Southern Nicoya Peninsula Hydropinics

It is pretty cool how things are working out. I was introduced to a guy down here that started his own commercial vegetable production. He is only a couple of seasons into it but already he has an established clientele and operation.

Organic Greens Costa Rica

Currently he has two green houses and a couple of outdoor shade gardens. One green house is set up as a germinating facility used to start the seedlings. The other green house is set up with vertical growing boxes about seven high per pole. (21 deep 6 rows) This type of growing perfect for a high yield of greens.

Because pesticide and chemical free greens are so difficult to get down here and water is so scarce during the dry months this is a wonderful set up for mass production.

Costa Rica Organic Lettuce

The full scale production will put out just under 700 heads of lettuce per week. With a four week turn around on lettuce, greens are a perfect crop for this set-up. The one problem is that most greens want a cold environment and you are limited to what you can grow in the tropics.

Finca Hydroponica

They are also currently growing tomatoes and basil outside of the green houses under a shade cloth.
I began consulting him on how to increase production and how to start developing his own organic soil, i.e.,compost. The owner asked if I would be interested in spending time at the farm and helping him get his operation to the next level.

Nicoya Gardens

Next week we are going to build a few compost systems, as well as some vermiposting units. The following week we are going to build some fish tanks and start breeding our own Tilapia for natural nutrients to introduce to the hydroponic system.

I was trying to figure out how to grow veggies form my family, and now I am working two days a week at a natural farm.

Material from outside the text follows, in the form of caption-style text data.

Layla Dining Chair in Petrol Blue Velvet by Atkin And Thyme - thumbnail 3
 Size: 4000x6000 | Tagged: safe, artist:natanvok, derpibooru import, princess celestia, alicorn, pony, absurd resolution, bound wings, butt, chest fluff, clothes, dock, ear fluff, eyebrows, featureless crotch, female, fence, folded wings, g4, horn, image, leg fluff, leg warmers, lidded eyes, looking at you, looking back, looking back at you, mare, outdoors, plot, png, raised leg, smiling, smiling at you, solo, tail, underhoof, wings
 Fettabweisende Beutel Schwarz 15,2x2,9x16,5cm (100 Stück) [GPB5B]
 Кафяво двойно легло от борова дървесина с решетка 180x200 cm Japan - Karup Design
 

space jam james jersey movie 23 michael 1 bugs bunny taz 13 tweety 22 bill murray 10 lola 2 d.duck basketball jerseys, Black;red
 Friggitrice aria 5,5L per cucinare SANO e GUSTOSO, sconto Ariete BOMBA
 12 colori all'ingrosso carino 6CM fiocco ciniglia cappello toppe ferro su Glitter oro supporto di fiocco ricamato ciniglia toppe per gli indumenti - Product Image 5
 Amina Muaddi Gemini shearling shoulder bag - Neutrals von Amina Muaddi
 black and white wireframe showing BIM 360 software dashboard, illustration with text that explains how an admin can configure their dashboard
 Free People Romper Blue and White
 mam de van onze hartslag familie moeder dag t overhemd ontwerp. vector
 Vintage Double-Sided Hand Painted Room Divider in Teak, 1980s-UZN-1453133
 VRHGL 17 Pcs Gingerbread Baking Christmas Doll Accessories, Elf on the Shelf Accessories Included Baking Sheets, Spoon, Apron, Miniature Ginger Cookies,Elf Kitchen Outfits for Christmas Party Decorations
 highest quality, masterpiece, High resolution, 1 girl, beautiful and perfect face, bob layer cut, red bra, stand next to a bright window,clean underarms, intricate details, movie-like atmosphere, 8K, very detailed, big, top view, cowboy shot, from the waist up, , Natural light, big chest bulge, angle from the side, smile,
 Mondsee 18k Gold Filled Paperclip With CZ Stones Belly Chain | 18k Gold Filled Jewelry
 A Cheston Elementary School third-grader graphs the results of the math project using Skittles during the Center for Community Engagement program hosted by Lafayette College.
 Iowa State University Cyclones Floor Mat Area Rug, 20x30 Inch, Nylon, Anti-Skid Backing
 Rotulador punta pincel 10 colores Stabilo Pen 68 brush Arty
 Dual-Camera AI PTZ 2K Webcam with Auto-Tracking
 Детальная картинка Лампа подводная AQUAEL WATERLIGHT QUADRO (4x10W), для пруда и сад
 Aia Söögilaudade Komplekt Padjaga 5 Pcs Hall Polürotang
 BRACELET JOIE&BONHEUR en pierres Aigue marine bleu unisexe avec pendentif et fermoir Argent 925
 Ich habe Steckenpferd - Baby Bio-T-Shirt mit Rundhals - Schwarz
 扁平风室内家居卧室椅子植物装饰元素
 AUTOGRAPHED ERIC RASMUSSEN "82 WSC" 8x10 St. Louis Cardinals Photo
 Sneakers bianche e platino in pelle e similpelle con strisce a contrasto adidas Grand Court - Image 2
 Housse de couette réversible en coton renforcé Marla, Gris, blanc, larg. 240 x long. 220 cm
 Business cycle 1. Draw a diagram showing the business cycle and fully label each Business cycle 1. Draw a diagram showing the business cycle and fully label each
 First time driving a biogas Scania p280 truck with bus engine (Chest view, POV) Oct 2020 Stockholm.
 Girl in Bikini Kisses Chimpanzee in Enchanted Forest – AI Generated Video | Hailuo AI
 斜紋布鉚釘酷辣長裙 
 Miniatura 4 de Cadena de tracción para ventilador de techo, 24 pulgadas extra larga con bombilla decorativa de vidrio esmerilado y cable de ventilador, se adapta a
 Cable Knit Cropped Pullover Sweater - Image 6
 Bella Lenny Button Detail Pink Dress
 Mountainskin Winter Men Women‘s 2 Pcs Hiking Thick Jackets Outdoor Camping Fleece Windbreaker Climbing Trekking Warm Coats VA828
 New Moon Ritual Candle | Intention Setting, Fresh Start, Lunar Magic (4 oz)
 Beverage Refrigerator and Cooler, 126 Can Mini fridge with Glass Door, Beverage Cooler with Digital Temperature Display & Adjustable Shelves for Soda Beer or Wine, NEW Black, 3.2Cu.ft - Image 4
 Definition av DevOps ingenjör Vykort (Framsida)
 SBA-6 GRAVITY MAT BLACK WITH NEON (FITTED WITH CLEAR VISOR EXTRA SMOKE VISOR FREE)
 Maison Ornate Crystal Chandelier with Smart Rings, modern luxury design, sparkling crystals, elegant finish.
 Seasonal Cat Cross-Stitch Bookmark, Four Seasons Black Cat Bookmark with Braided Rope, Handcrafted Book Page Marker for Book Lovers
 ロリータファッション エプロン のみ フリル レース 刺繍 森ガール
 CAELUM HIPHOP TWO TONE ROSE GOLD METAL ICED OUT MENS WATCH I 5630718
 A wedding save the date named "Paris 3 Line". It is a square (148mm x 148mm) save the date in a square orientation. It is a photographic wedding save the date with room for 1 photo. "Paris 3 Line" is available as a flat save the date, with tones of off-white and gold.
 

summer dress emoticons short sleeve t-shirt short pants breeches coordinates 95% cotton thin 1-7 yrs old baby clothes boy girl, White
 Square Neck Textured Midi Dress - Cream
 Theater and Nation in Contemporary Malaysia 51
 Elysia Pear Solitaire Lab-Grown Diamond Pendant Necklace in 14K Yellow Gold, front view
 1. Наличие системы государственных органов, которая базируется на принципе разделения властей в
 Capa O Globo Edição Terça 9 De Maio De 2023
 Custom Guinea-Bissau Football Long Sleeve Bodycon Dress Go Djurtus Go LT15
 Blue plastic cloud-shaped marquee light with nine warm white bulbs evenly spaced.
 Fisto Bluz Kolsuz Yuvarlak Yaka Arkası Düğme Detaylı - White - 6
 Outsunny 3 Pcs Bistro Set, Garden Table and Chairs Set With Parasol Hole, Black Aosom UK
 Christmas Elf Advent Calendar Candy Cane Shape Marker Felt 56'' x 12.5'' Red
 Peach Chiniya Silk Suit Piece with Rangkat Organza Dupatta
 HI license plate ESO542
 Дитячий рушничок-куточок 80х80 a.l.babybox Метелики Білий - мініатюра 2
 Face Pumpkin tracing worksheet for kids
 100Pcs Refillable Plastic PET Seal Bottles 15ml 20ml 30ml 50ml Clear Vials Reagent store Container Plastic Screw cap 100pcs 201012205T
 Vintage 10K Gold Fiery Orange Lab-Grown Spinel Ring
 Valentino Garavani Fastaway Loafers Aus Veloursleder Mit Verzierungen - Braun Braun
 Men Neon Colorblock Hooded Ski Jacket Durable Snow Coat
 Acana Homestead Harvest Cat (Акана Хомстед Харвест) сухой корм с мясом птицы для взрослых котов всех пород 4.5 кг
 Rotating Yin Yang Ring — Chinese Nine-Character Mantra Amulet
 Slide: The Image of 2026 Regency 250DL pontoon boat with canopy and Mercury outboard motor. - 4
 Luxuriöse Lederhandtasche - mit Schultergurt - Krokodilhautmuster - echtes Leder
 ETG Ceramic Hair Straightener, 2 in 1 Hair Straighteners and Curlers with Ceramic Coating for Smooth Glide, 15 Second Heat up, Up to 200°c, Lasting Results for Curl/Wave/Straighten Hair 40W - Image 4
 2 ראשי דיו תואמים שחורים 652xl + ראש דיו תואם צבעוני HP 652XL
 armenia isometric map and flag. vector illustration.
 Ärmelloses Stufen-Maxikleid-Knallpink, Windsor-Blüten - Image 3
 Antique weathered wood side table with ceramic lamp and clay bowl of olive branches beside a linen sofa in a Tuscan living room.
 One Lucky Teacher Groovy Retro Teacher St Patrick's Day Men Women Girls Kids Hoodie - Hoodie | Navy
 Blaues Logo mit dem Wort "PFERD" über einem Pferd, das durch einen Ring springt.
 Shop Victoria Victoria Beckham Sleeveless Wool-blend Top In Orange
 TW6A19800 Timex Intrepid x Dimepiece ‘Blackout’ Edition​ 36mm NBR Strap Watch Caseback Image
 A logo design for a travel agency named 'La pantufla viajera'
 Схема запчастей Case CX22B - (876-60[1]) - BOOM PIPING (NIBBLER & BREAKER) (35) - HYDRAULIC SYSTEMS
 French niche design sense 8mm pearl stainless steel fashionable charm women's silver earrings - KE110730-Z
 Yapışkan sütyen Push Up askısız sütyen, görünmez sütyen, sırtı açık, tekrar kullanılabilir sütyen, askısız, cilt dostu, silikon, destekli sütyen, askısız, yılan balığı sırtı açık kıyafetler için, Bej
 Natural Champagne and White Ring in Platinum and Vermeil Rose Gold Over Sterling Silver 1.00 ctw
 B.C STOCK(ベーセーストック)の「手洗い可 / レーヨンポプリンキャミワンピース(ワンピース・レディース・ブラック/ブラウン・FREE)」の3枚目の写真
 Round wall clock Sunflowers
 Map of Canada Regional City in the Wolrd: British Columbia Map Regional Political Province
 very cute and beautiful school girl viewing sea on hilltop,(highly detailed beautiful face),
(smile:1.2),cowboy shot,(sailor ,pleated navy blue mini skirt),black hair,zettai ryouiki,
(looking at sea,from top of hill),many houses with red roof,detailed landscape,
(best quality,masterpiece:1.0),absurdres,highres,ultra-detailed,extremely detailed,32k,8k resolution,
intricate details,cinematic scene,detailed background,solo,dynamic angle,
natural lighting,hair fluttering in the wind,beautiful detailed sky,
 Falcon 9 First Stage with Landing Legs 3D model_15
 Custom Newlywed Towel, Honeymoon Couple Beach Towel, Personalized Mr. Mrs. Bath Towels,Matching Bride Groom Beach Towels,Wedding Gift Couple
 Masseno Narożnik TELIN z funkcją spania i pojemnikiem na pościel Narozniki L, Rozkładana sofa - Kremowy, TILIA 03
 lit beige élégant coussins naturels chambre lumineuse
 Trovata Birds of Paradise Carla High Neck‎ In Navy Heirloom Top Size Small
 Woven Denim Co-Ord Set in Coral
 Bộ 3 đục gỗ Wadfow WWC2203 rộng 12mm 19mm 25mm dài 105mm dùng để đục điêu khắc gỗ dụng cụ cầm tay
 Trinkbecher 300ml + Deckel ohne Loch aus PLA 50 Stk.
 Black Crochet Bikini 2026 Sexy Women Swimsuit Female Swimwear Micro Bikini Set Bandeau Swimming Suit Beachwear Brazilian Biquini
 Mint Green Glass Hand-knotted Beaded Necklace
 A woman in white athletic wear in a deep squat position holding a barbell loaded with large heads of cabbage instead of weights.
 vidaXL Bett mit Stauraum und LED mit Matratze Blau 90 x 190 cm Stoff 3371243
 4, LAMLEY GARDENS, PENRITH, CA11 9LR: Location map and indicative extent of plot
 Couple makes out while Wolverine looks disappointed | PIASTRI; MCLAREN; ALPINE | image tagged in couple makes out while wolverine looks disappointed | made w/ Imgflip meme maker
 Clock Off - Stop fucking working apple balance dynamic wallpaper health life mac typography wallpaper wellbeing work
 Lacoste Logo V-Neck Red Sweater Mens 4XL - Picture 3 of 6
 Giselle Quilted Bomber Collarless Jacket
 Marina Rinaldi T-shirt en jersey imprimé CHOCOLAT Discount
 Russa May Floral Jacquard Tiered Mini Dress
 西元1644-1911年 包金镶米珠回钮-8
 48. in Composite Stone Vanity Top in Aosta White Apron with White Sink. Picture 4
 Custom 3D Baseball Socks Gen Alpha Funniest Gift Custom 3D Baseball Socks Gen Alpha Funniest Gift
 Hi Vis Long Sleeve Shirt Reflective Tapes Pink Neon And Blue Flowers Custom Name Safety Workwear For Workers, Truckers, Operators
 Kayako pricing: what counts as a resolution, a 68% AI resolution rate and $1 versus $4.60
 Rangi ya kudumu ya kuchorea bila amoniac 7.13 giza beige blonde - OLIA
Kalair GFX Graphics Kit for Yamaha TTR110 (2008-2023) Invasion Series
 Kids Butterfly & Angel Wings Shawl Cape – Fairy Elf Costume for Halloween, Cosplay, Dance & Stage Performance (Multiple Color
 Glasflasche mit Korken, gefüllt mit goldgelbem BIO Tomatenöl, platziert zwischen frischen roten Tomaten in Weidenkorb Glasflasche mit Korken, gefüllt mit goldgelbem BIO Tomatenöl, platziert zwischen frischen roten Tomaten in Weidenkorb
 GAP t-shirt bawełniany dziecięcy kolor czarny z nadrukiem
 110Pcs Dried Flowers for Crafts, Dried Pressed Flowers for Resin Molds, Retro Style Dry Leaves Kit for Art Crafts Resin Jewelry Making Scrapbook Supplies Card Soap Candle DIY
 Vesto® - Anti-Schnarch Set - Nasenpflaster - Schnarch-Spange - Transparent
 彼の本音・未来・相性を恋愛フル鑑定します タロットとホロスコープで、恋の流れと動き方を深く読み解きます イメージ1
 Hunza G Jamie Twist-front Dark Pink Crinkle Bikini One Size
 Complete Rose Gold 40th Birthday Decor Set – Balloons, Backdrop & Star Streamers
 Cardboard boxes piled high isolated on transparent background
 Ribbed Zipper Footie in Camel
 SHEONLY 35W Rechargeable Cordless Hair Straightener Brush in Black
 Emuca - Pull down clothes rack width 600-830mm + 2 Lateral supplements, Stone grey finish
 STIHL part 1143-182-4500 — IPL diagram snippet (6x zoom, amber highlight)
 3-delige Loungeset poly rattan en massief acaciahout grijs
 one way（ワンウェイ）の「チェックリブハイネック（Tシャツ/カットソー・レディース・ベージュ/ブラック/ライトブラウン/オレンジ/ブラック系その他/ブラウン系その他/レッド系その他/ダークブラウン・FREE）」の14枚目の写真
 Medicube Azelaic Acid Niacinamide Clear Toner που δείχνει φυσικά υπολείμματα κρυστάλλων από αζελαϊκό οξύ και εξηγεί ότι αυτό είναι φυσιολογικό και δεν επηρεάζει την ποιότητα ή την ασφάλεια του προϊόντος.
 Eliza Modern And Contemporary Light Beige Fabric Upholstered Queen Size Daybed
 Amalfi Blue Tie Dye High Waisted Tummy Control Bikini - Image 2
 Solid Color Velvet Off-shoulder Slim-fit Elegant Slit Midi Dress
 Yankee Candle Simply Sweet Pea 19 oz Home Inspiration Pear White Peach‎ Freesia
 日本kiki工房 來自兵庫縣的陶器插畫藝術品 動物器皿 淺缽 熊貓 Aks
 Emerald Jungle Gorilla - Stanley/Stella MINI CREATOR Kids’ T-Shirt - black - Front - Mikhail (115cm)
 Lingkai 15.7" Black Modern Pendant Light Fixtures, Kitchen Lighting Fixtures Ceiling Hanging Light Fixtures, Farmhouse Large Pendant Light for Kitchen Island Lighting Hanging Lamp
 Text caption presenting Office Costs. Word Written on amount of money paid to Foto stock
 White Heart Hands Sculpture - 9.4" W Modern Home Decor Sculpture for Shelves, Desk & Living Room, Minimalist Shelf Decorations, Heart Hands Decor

I must admit that we are all very thankful.

5 thoughts on “Southern Nicoya Peninsula Hydropinics

  1. Are you kidding, George’s is growing food in styrofoam, it is POISON! Do some research, he is also ruining all the water that flows thru those white styrofoam containers..IT IS NOT GOOD FOR HUMANS OR THE EARTH…

  2. Please remember that Costa Rica uses more pesticides per capita than any other country in the Americas, anyone growing vegetables down here that is not using pesticides is on the right path.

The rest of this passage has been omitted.